● **INFORMATION SUPPLIED**:
▽

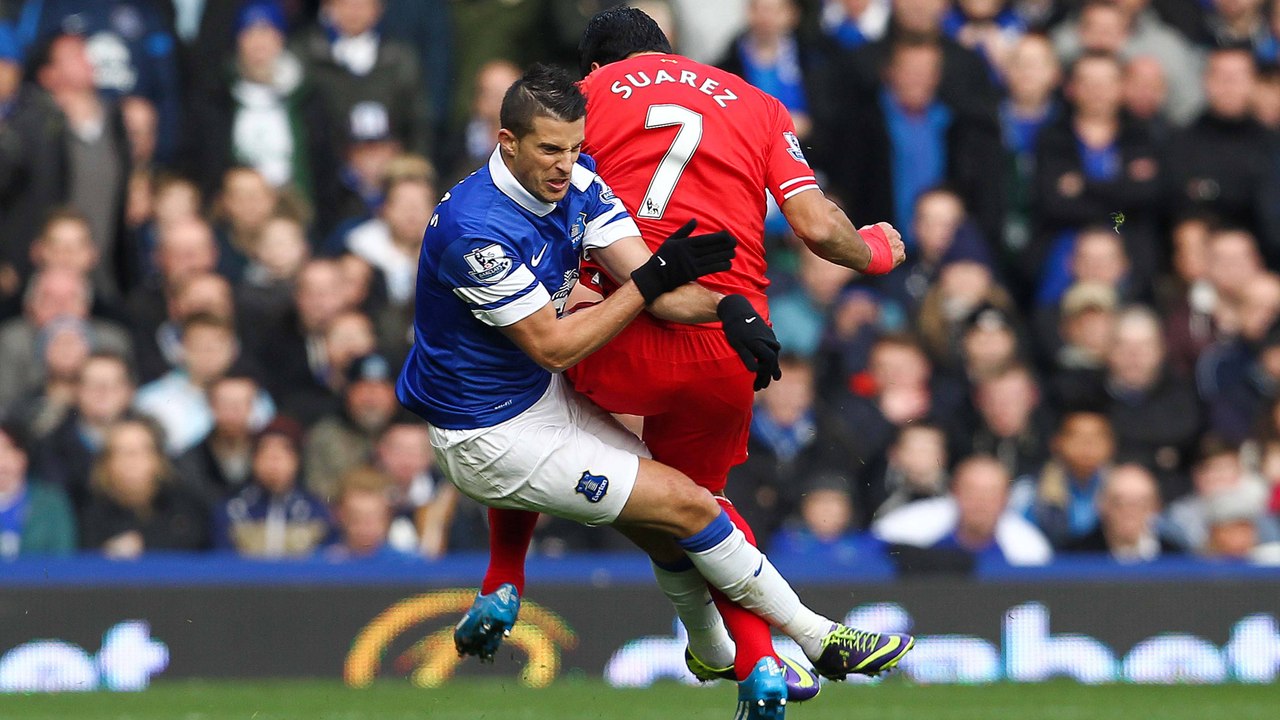 Le tacle assassin de Kevin Mirallas sur Luis Suarez lors d'Everton - Liverpool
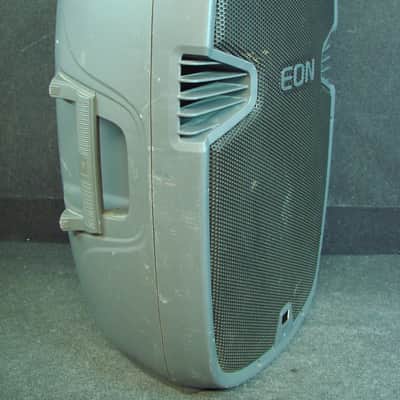 JBL EON 300 Series 315 280-Watt 15" Two Way Powered Portable Speaker image 3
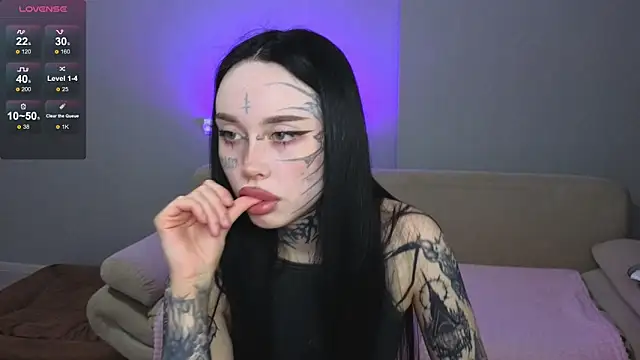 Somniyaa online show from 04-12-26, 04:32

△

● **PROBLEM**:
Every line of the listing must be reproduced exactly, though the pictures are to be left out.

● **SOLVED PROBLEM**:
 Le tacle assassin de Kevin Mirallas sur Luis Suarez lors d'Everton - Liverpool
 JBL EON 300 Series 315 280-Watt 15" Two Way Powered Portable Speaker image 3
 Somniyaa online show from 04-12-26, 04:32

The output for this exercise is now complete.